Le quatrième est un de El Cortijillo qui jette les pattes dans la cape d'Antonio Ferrera. Le désordre règne durant le tercio de varas dont l'animal sort visiblement amoindri. Au second tiers, il se met à attaquer par arreones. Le tanteo débouche sur un passage droitier dans lequel la charge brusque et erratique ne permet pas de lier. Soudain le toro met la marche arrière et, sans charger, se retourne et s'en va. Ferrera insiste brièvement puis prends l'épée. Avec précaution, il porte un pinchazo suivi de macheteo de la main gauche. Entière défectueuse. Quelques sifflets pour le toro et silence pour le torero.
Diego Urdiales reçoit son premier avec précaution. L'exemplaire montre une indolence notable au cheval en deux piques exécutées avec discrétion. Au second tiers le toro se montre pensif et attaque à contre temps. Il galope néanmoins. Dans le tanteo il a tendance à tirer des derrotes. Le comportement se confirme à droite où il accroche la muleta dès la première série. Diego, malgré sa fermeté de comportement et de positionnement, n'arrive pas à canaliser le calamocheo à droite. À gauche la charge paraît d'abord molle, puis le toro met le matador en difficulté.
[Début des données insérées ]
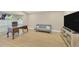 Bright living room featuring light wood floors, a large desk, sofa, and TV at 4617 Basswood St, Land O Lakes, FL 34639
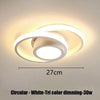 Circular white LED ceiling light with tri-color dimming feature mounted on a ceiling.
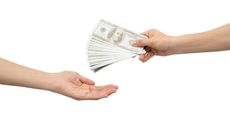 A hand holds out fanned-out hundred-dollar bills to another hand.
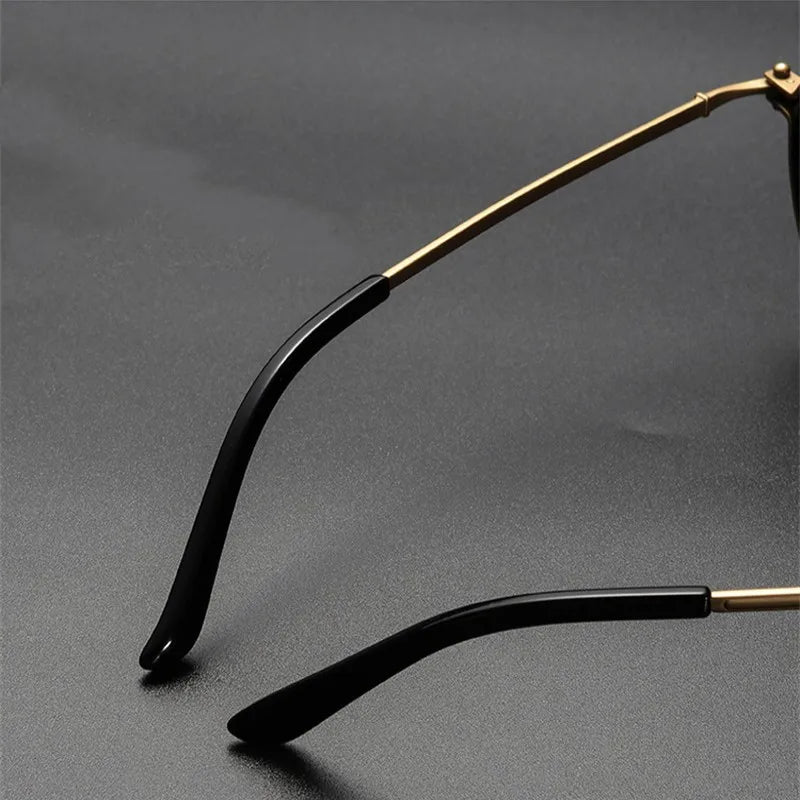 Close-up of KLASSNUM Luxury Round Frame Reading Glasses with gold frames and black earpieces on a dark surface. The focus is on the thin metal arms and curved earpiece tips, highlighting their stylish round frame reminiscent of reading glasses.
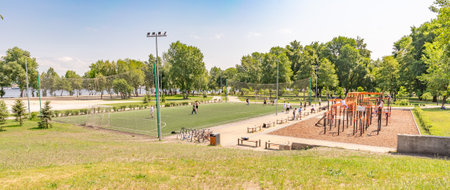 Kiev/Ukraine - May 31, 2019 - Sports equipment and football (soccer) field in Natalka Park in Kiev, Ukraine. People of all ages come to exercise near the Dnieper Riverのeditorial素材
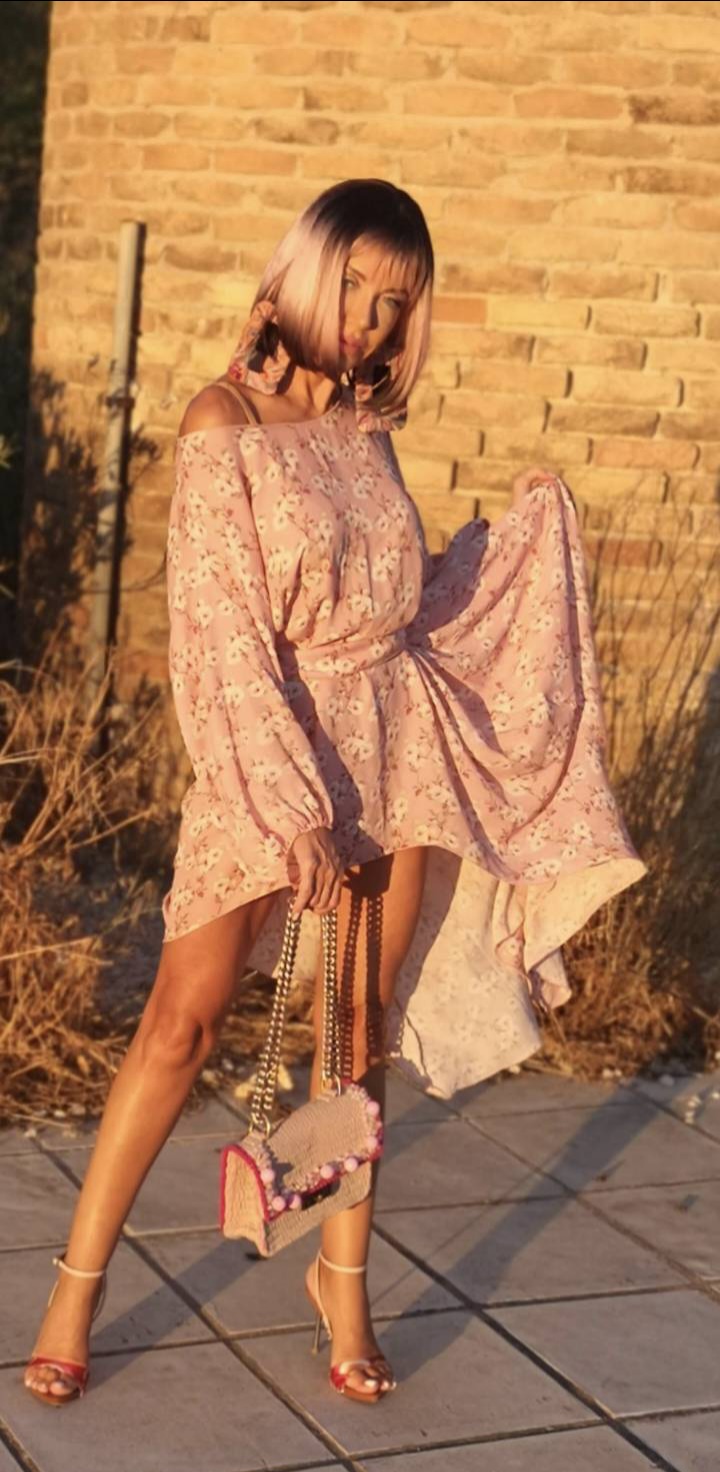 Pale pink floral dress in golden hour light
Ce dernier abrège par entière à bout de bras. Silence.
Le cinquième est protesté pour son manque de remate dans les flancs et le train arrière. Il doute longuement et oblige Diego Urdiales à le chercher au centre. Les premières arrancadas incitent le matador à la prudence. Le bicho s'emploie sous le fer, s'employant sur la seule corne gauche. Urdiales réalise un quite par véroniques et demie. La seconde pique est une version atténuée de la première. La faena débute par un tanteo dans lequel les charges sont longues et énergiques. Le torero d'Arnedo, corps relâché et restant al hilo, exécute des derechazos qui révèlent un calamocheo inesthétique et désagréable. À gauche le bicho répond et suit la muleta par le bas sans répéter. Quelques naturelles isolées valent au matador les applaudissements du public. La suite à droite prend la même tournure que les premiers derechazos. Des naturelles pieds joints terminent ce trasteo laborieux. Une entière dans la croix vaut au matador des applaudissements mérités suivis de la mort lente du toro . Deux avis. Palmas et salut.
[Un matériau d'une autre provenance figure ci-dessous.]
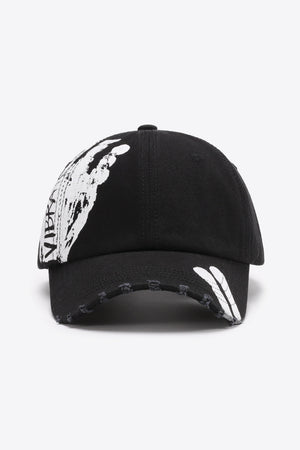 Black baseball cap with white graffiti art and distressed brim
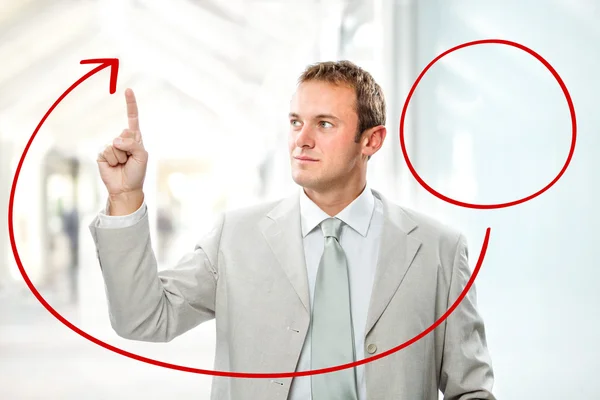 Handsome businessman draw chart with hand at office — Stock Photo, Image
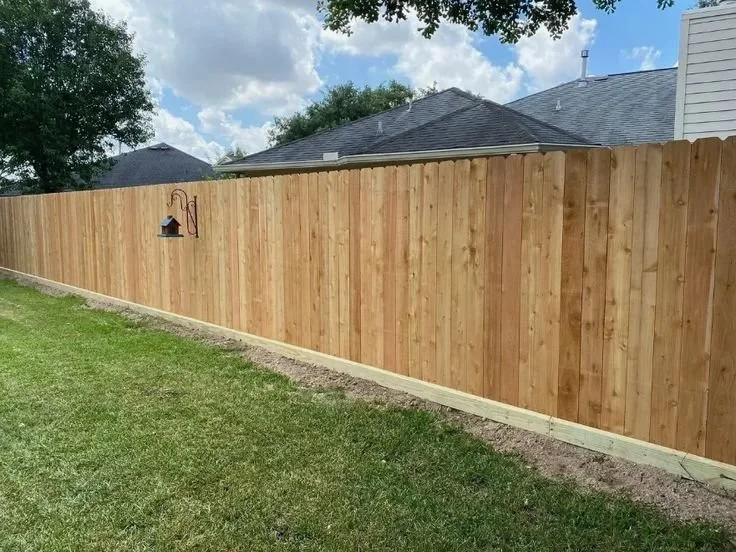 Side view of a newly installed wooden privacy fence with a grassy yard and a house roof in the background under a partly cloudy sky.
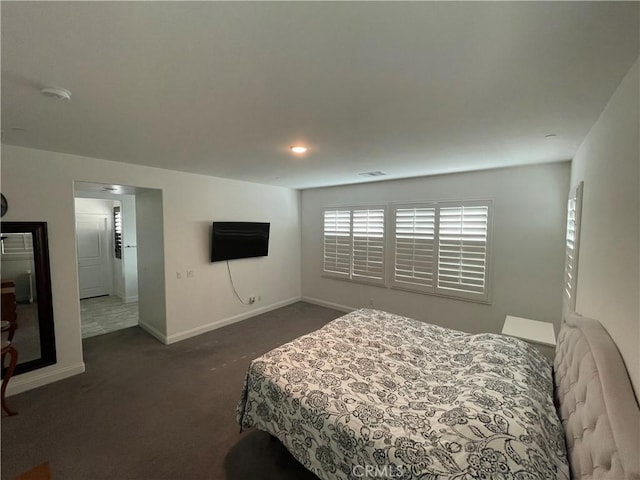24445 Paxton Ln, Lake Elsinore, CA 92532 - bedroom featuring baseboards, visible vents, and dark colored carpet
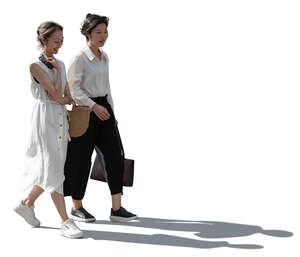 two backlit asian women walking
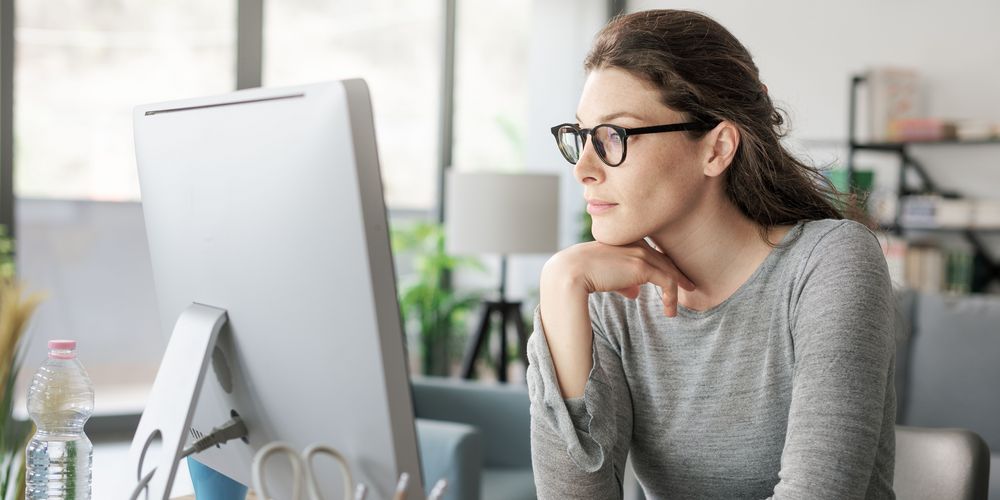 Eine sitzende Frau vorm Computer steht für wenig Bewegung als Ursache für Rückenschmerzen.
Lorsque sort le troisième, le Tendido 7 proteste le manque de présence évident de l'alcurrucén. Il charge la cape avec circonspection en se retournant à l'envers. Le tiers de piques est mené dans un désordre complice et sous les protestations car le bicho fléchit. Cite de loin, muleta dans la main droite après avoir pris son temps pour laisser le toro se reposer. La charge bien que vive, ne transmet rien. Ginés Marín est méthodique et tire des derechazos a más. À gauche, le torito trébuche ce qui retire toute émotion au trasteo. La suite à droite est un va-et-vient fébrile à toro éteint. Entière trasera et desprendida. Descabellos. Silence.
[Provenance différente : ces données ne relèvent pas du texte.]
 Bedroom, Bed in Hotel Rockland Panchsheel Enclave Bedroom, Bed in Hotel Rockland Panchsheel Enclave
Le dernier toro de la corrida se retourne large et distrait dans les lances de cape. La première pique est prise dans la querencia et les deux suivantes en contre-querencia dans un désordre qui s'explique seulement en partie par le comportement manso de l'alcurrucén. L'animal est distrait et peu enclin au combat. Ginés Marín passe son temps à le suivre dans tous les terrains, en volant quelques muletazos au passage. Revenu en contre-querencia le matador fait l'effort dans un bref passage à gauche. Demi-lame desprendida. Silence.